この経営者の方はITの重要性を理解していらっしゃって、放課後等デイサービスでもIT講座を取り入れていました。しかし、教えられることはスクラッチやマインクラフトなどのゲーム系が主で、それを学んだからといっても将来の仕事に直結するタイプのものはありませんでした。その点、私の立場や経験からなら将来の仕事につながるITを教えられる。自分の強みを活かしてここで貢献できるのではないかと考え、子どもたちに向けたIT講座を開講することになったのです。
このプロボノ活動を含めた兼職について会社に報告したときは、兼職に伴う負荷を見越して体調面をまず心配してもらいました。その上で、本務であるNECソリューションイノベータの仕事に影響が及ぶようであれば会社としては認められないと念を押されています。もちろん私としても、本務のパフォーマンスを下げないつもりで活動をしています。
忙しくなるのを承知で兼職及びプロボノ活動するのは、自分自身の成長につながると考えている部分もあるからです。以前、NEC本社に出向した経験がありますが、場所や人などの働く環境が変わったことで、大変なことも多かったですが、自分の成長を感じられました。40代を迎えた今、自分の人生を考えたときに、もっと成長しておきたいと感じました。20代・30代で頑張っておけば40代という期間は、もしかしたら惰性で走りきれるかもしれません。
でも、40代に頑張っておかないと、50代で成長が鈍化してしまうと考えています。40代でもっともっと成長しておけば、50代、それ以降の人生をしっかりと走り切れるのではないか──そういった考えと、もう少し外に出て自身の力を試しながら社会還元して活動してみたい、という気持ちから、兼職やプロボノ活動につながったのだと思います。
もちろん、自分一人の小さな力では難しいこともあります。しかし、いろんな人を巻き込みながら行動すれば、小さいかもしれませんが、変化を起こせるかもしれない。現在は、企画したIT講座に共感してくれたNECの3名と、NECソリューションイノベータの4名が一緒になって、カリキュラムの設計やテキスト作成、オンラインでの講師を行っています。

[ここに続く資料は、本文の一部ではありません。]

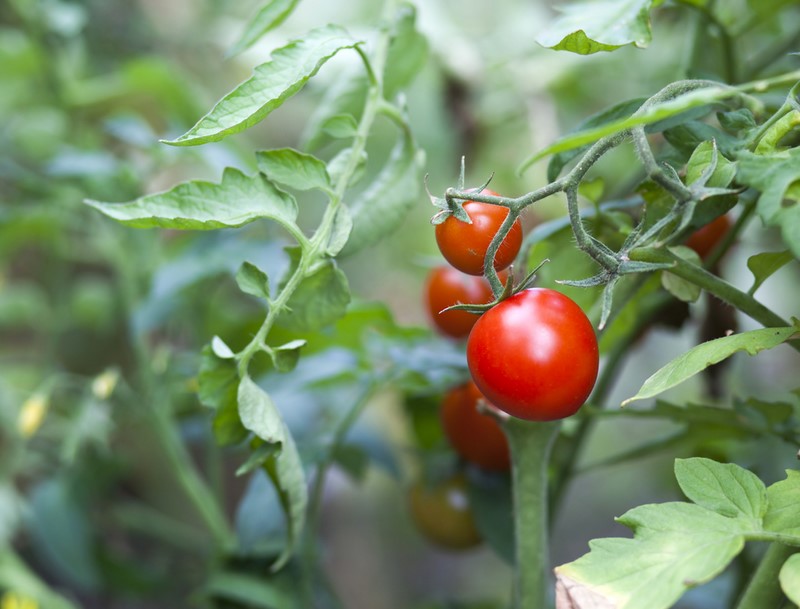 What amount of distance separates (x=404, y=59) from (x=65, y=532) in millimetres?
686

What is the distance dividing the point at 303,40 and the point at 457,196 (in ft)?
0.47

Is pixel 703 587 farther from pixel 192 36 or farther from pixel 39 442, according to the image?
pixel 192 36

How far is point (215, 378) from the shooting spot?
44cm

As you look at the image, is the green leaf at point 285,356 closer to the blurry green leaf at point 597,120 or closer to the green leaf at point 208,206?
the green leaf at point 208,206

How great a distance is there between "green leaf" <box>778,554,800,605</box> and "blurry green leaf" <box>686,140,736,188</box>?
177 mm

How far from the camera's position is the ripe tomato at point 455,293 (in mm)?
597

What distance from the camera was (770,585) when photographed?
0.39 metres

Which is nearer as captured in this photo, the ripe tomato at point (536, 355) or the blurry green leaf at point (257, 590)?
the ripe tomato at point (536, 355)

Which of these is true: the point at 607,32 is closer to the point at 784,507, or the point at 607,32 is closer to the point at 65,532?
the point at 784,507

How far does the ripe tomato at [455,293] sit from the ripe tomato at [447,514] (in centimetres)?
19

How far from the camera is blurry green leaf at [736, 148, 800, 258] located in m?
0.33

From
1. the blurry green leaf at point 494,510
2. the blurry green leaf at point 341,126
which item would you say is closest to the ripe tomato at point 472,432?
the blurry green leaf at point 494,510

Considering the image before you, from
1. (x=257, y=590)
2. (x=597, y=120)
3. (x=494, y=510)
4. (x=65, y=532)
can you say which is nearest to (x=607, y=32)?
(x=597, y=120)

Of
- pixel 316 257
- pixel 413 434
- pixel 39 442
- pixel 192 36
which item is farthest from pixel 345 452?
pixel 192 36
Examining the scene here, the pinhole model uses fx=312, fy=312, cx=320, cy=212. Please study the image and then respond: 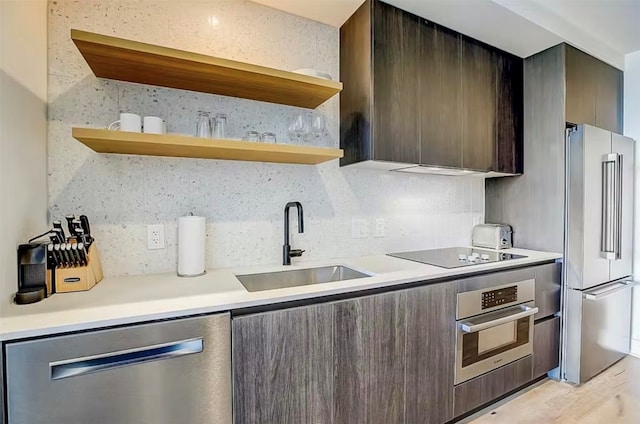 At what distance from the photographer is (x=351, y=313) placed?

人の喜ぶ反応を肌で感じられたことが、働く意味の再確認につながった
今年度実施しているIT講座では、大きく2つのテーマを教えています。1つはホームページの作成。もう1つは画像の編集やデザイン。やってみると、思っている以上に、子どもたちから反応は返ってきません(笑)。リモートによる講座であることに加え、みんな恥ずかしがり屋でコミュニケーションが苦手という特徴があるからだと思います。ただし、講義を重ねることで、慣れてきて、今では、Zoomのチャットを使いながらコミュニケーションを取っています。
そして、嬉しい結果も出てきています。一人のお子さんは引きこもりで家から一歩も出られない状況でしたが、IT講座があるときだけは家から出て放課後等デイサービスの場に来てくれているのです。しかも、毎週欠席することなく。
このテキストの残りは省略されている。